### [REQUIRED WORK]
What you should give back is a precise copy of the lines below from the one containing "Raid of two" through the one containing "Подарки от депутата", with no pictures.

### [DATA EXTRACTS]

[Start of section]

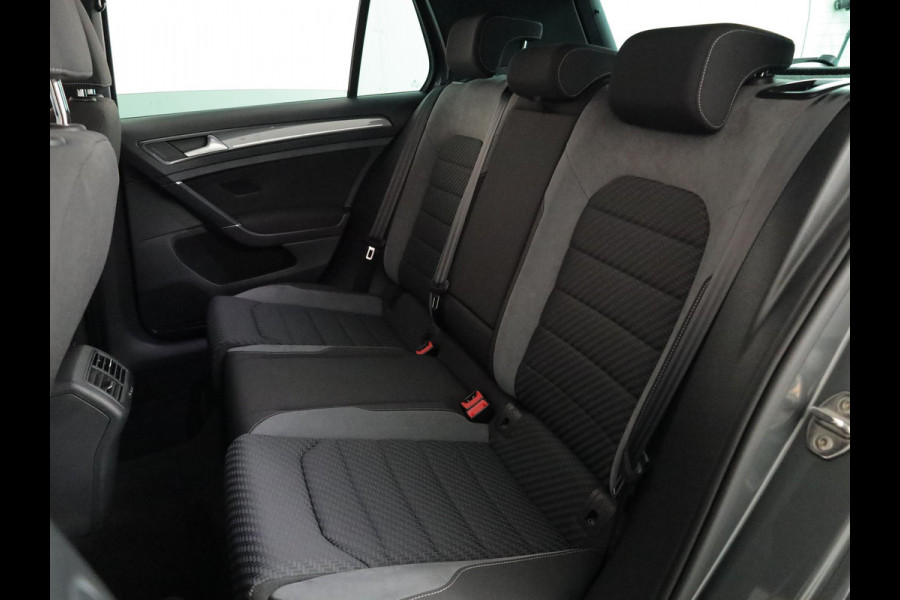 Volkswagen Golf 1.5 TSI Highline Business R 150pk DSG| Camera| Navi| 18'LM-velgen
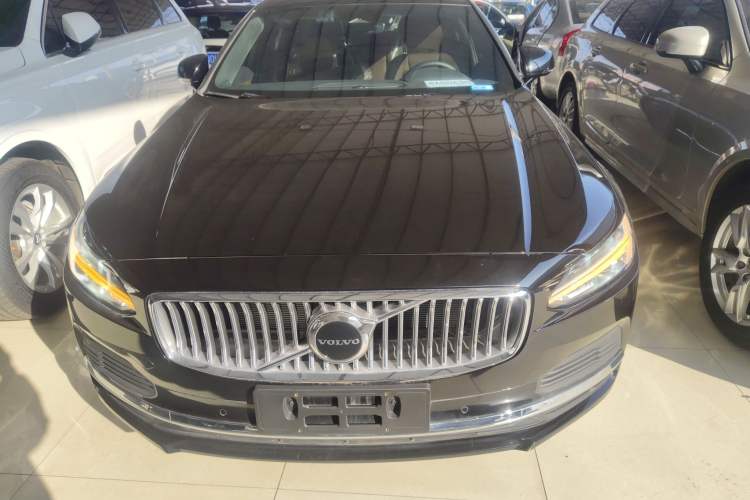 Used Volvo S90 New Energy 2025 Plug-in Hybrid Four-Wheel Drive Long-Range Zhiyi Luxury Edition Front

[End of section]
[Start of section]

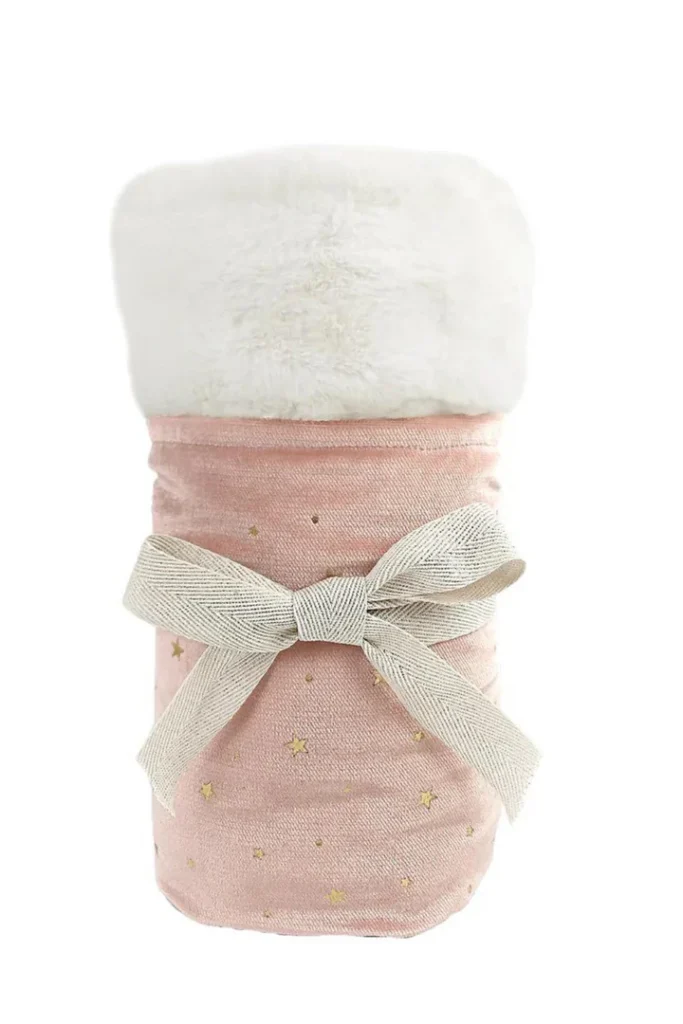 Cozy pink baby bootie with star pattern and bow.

[End of section]
[Start of section]

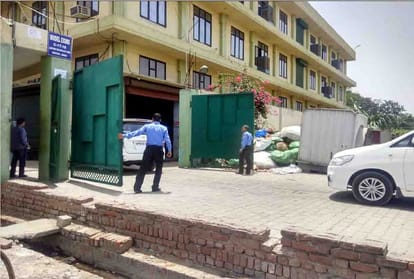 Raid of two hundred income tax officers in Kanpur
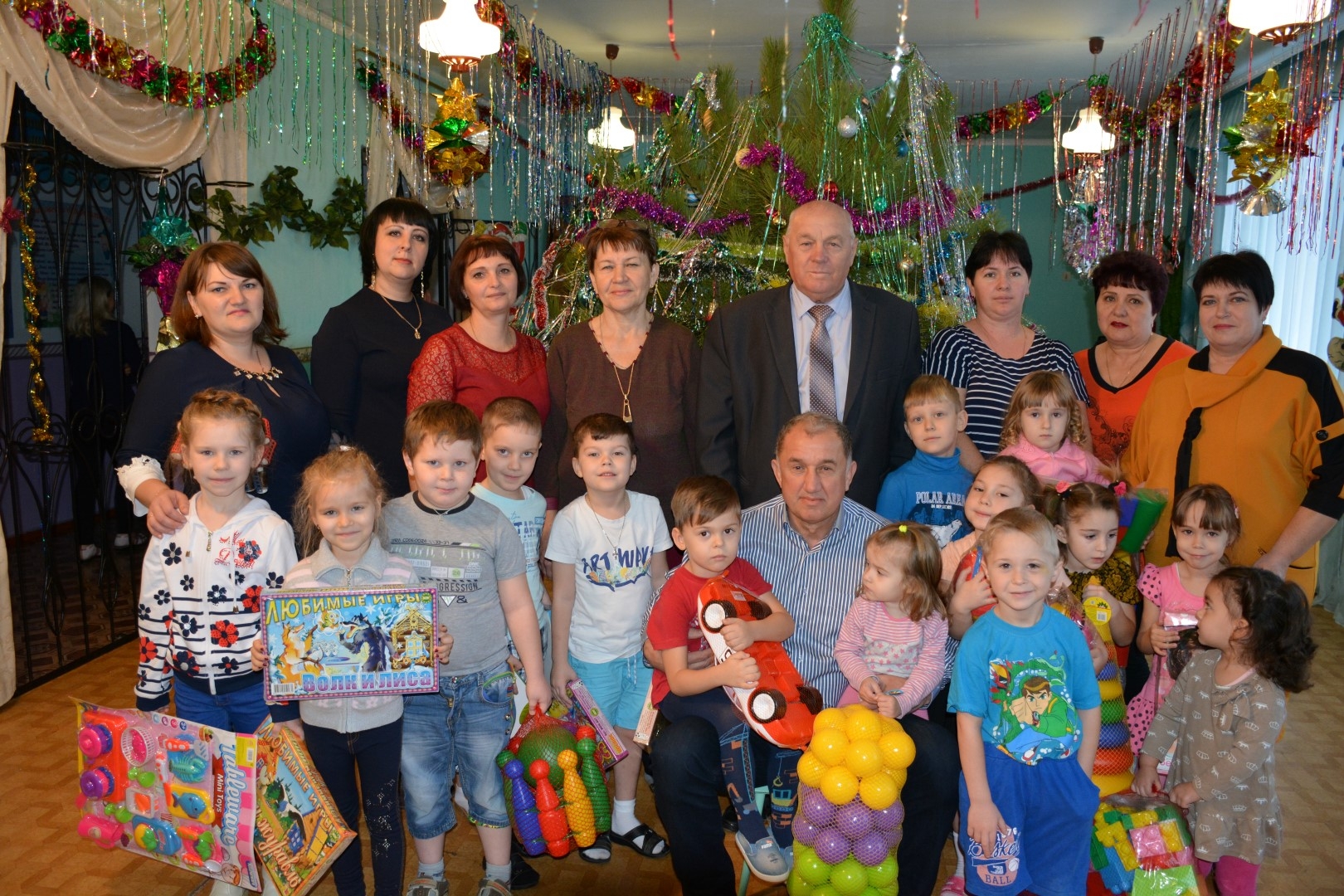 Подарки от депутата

[End of section]

### [WRITTEN ANSWER]
 Raid of two hundred income tax officers in Kanpur
 Подарки от депутата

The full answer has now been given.